The LCD I used is this one (20x4  I2C connection):

I changed the code to use only 2 lines of the LCD since a 16x2 is more common than a 20x4.

LCD connection as follow:

GND from LCD to Arduino Pin Gnd (on power bus)
VCC from LCD to Arduino Pin 5v (on power bus)
SDA from LCD to Arduino Pin Analog A4 (on analog bus)
SCL from LCD to Arduino Pin Analog  A5 (on analog bus)

You can use a different LCD, just change the code.

Have a nice weekend!

Sunday, October 05, 2014

My Arduino think's he is an Yaesu

Having battling intermittently for the past two weeks to get an Arduino to "emulate" the Yaesu serial protocol I finaly got it, I can set frequency and mode from the rig control software on to the Arduino:

Setting the frequency:
 The Arduino picket up (My Freq:) and then I sent another frequency change to 446Mhz:

I didn't take the new frequency set picture (set freq) but it did worked. Mode "8" is the hex sent from the rig control software for FM mode.

Tried to find some other similar project and found none so have to make it myself, far as I know this is one of a kind! There are some projects but are to control an Yaesu radio from an Arduino, not the RIG CAT software to control the Arduino. The idea is remotely controlling the VFO of the "Trevo" transceiver (the one I've been building for the last year)
Will release the code if there's any interest and after beeing well polished... it will take time.

add: code: http://speakyssb.blogspot.ie/2014/10/my-arduino-thinks-he-is-yaesu-arduino.html

Have a good weekend!

Sunday, September 07, 2014

North Cork Radio Group Annual Radio & Electronics Rally - 2014

It was today.

I restricted myself to only small bits, even so I bring a little more than wanted to!

From top to botton and left to right: a mic and bnc connectors, a power meter ; bellow:
a bigger box with an 1.5Ghz capable mixer inside (MCL SCM2500) and on top a box with a circulator (1.4 to 1.7Ghz according to datasheet). I just wanted the aluminum box for other stuff but the mixer and the circulator might be interesting to go a litle higger in frequency from what I'm used to do. So for my record of a fully working transceiver is still way bellow on the 2m band.
The power meter got if for 5 Eur thinking that might have some interesting logarithmic detector inside...yes and no, it has two 1N5711 diodes and an double opamp making two separate detectors. I removed the original plugs (tv type) and replaced with a silver BNC and left only one of the circuits in place (they were dientical and can be selected by the top switch). I was powered by 15V, I placed inside a 10v regulator and now I have to calibrate to the new supply. The meter could be handy special because its small size. In the future might replace the inside with an AD8307 circuit. 
Not in the picture I bought 5 small pieces of PCB, always handy and two egg isolators for antenna wire. Again, looked at ladder line and didn't bough, just like last year, maybe one of this days I will finally build a ladder line antenna/aerial!

Have a great week!

Tuesday, August 26, 2014

Scope bandscope adapter

...Just some modules glued togetter:

 Signal on display is from a QRSS Kit at 14.200Mhz...

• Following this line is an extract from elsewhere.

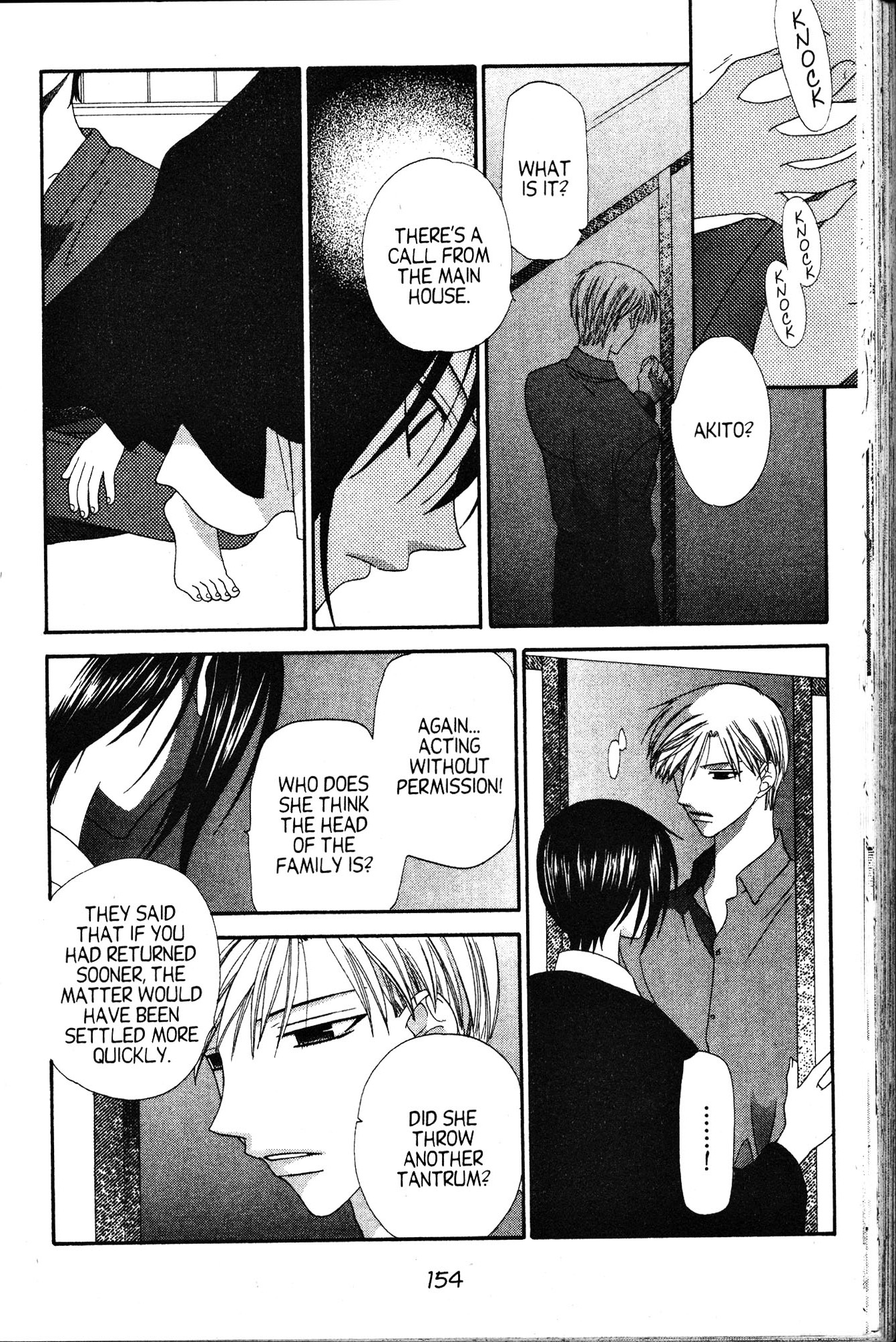 Halaman dari Fruits Basket Chapter 64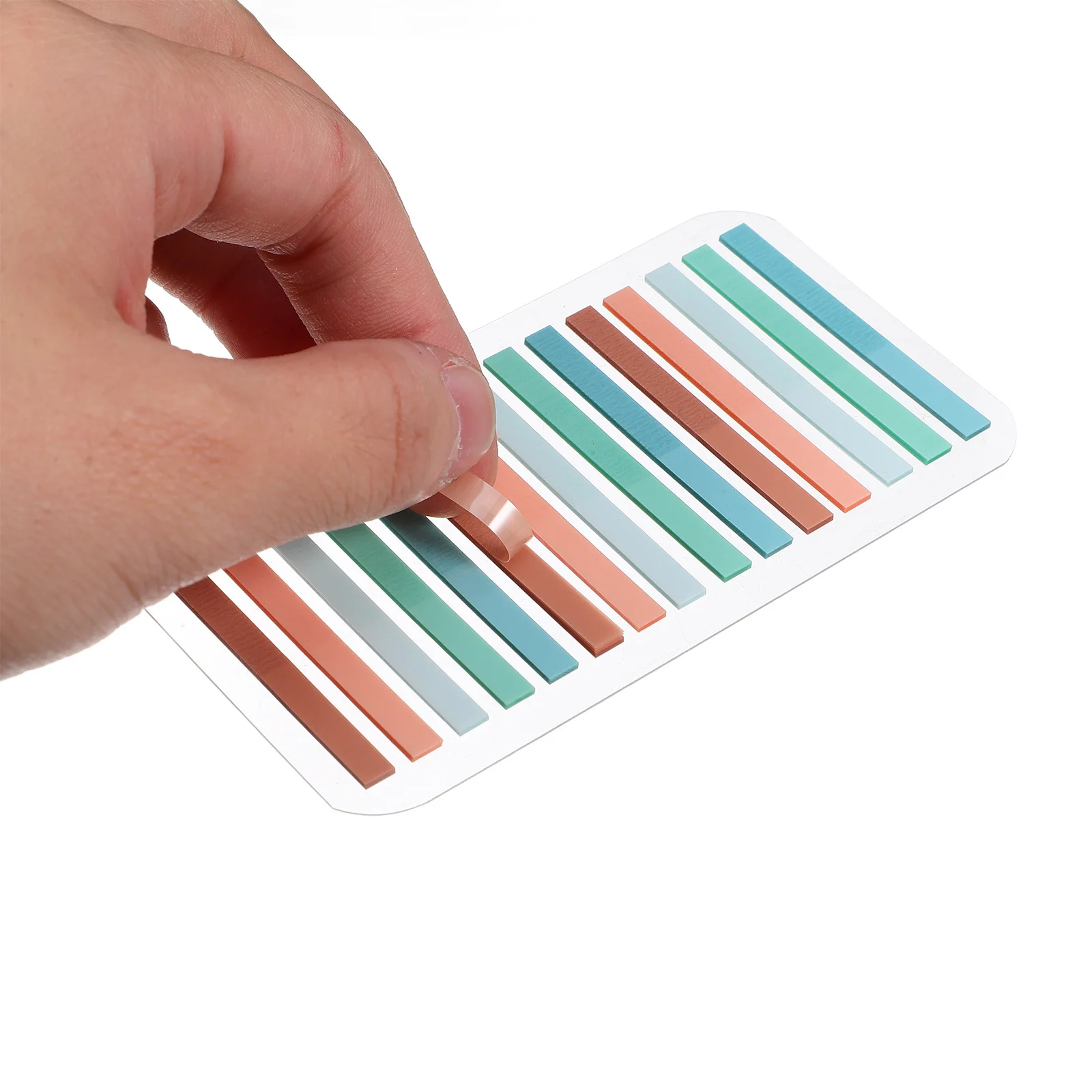 1 مجموعة ملصقات للتسمية الفلورسنت علامات التبويب ملاحظة ملونة مؤشر علامات التبويب لتعلم الكتاب شرائط القراءة علامات الصفحة اللاصقة المحمولة #3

 placed very close to input since there's no positive gain in the circuit and the mixer was homebuilt.
 Lower channel is the trigger. Log detector is an AD8307 and IF filter (10Mhz) is incorrectly terminated....
(add: made some measurement: vpp on the ramp for the vfo is 3.44V. Min vfo freq is: 4.174Mhz and max vfo is: 4.196Mhz, that is around 22Khz and makes 2.44Khz by division. I was thinking the peak was a bit large but in fact should be correct)

...plenty of room to improve....

And... have a nice week!

Thursday, August 21, 2014

New oscilloscpe - Rigol DS1052E

...Yes, my third oscilloscope. First one, the "Kiotto" brand (nice crap of tech support) died some time ago. Then I bough a second hand "Hameg" HM307:

 (in need of some maintenance but still functional as long as I let it warm) which is on main shack.

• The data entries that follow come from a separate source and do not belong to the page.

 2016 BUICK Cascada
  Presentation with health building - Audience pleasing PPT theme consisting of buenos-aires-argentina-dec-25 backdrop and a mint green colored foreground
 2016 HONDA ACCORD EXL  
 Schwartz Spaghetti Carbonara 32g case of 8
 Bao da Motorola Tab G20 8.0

This new "Rigol", I'v been thinking in getting it for almost a year, now was the time.
Here it is in all it's glory:

I am more productive building without an oscilloscope, only for some circuits that the wave form is important it will help me a lot, like the one in the picture.

Yes, if you want to know, the fan is noisy (I've seen server's less noisy) and yes you need to read the manual for more complex functions, for the default one just press the auto button. No, I will not try the 100Mhz hack for it....for now.
The scope comes with two test probes good to 6 Mhz.
The trace it's not as responsive as a crt scope but crt's can't do fft transformations or math on the input signals either.

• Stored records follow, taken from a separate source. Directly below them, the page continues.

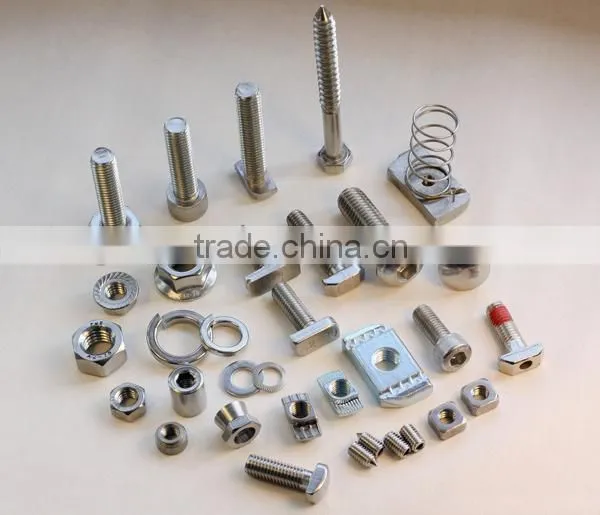 Metal fasteners (Bolts, Nuts, Rods, Washers, Screws, Etc.)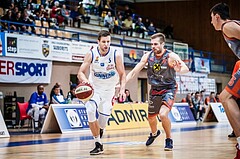 Basketball, ABL 2018/19, Grunddurchgang 5.Runde, Oberwart Gunners, Fürstenfeld Panthers, Andrius Mikutis (5)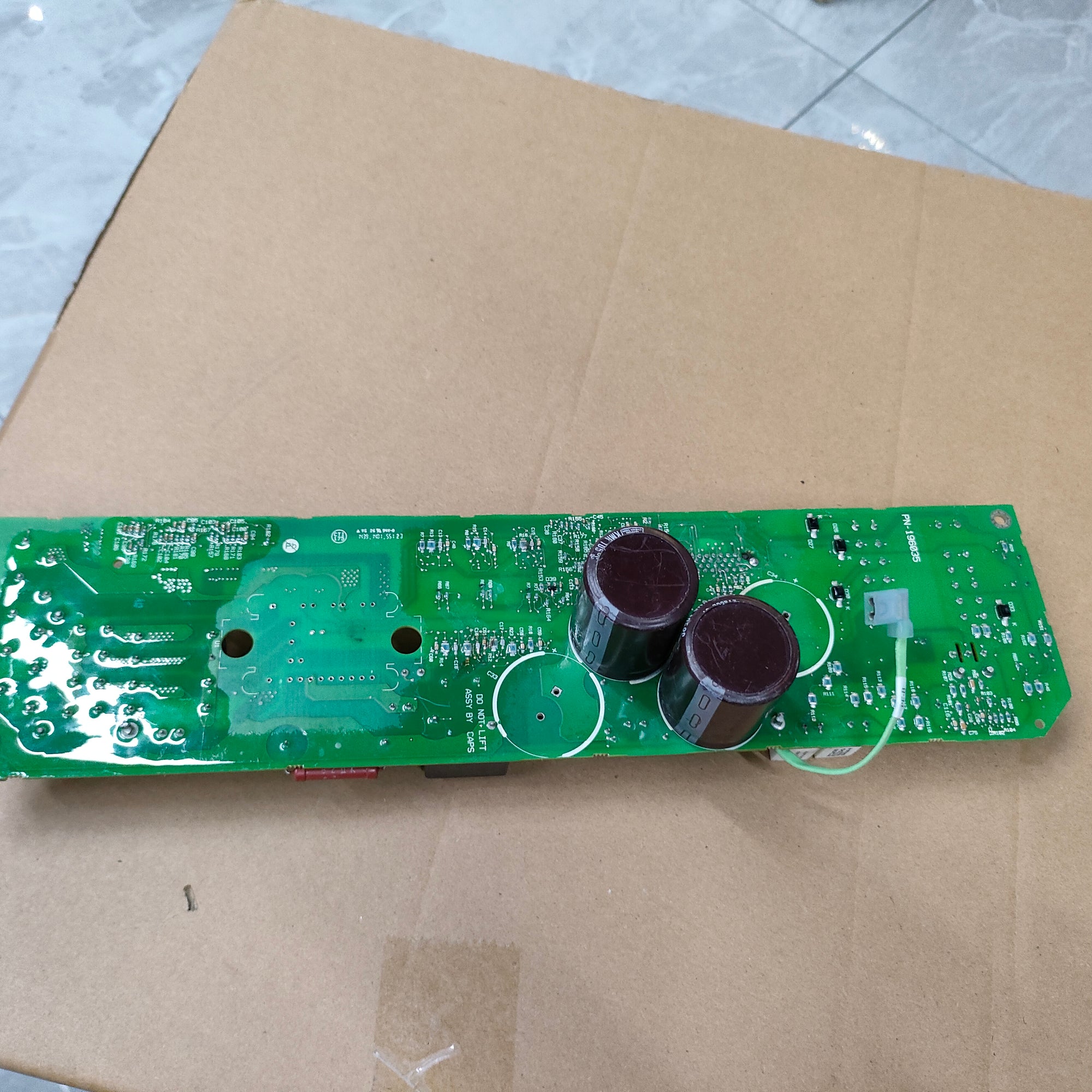 ALLEN BRADELY PN-135865 電源卡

I am almost sure the old Hameg will live longer since it can be repaired, the new modern equipments as soon as they have a problem, it's just a matter of sending to the bin.

Have a nice weekend!

Thursday, August 07, 2014

Front panel method

Decided for the first time to make a nice front panel, well, at least was the first time I succeed doing so.
Interesting enough is I made the front panel and a box before actually the equipment beeing fully operational and tested, so, now I have to make it work!

 The way as I made this was: made all the holes to the components, LCD and buttons, then printed the front panel as an overlay (trust me, it's better to print first and cut last, so you don't have to print many tests).
Before applying the paper I spayed prime on the aluminum panel, after dried used paper glue to fix and set the paper on top. Finally some varnish was spayed to give a more glossy look.

Because the prime was grey and the paper very thin (normal print paper) it got a slightly grey tone.
Another issue was on turnng the nuts of the buttons, with a plier, some small scratches were made.

The project it self is an arduino to select the frequency of the airband receiver I bough in 2013 in the Cork Ham radio rally, this one:

This receiver frequency is set inside by means of dip switchs on a MC145151 PLL and the idea of the project is to have an external box controlling the PLL so it can rapidly change frequency without opening the box.
Right now the code to select the frequency is working, only missing the output part and cabling to the PLL circuit. When finish will be posted here.

Have a nice weekend!

Wednesday, June 11, 2014

QRG - Trevo

Yup, it's possible to build a complete radio using only an multimeter as test tool but to know the exact frequency it's more practical to use a frequency counter.

Got myself a frequency counter kit, it will help me "debug" the VFO:

Now i'm on the 80 and 20m band (9 +/- 5.212)

Have a nice day!

Thursday, June 05, 2014

The "Trevo" works

Ok, I don't know in what frequency it his receiving, only I got my first copy of Morse signals from the ether!

The reason I don't know the frequency is simple, the only test equipment used so far is a multimeter.
After trying to figure it out the frequency of the VFO (I was suspecting that I could be receiving in the 40M or 80M band) I fired the qrss transmitter kit and set it for 3.580 Mhz, after tuning the VFO got my own test transmission (I was receiving some amateur Morse before).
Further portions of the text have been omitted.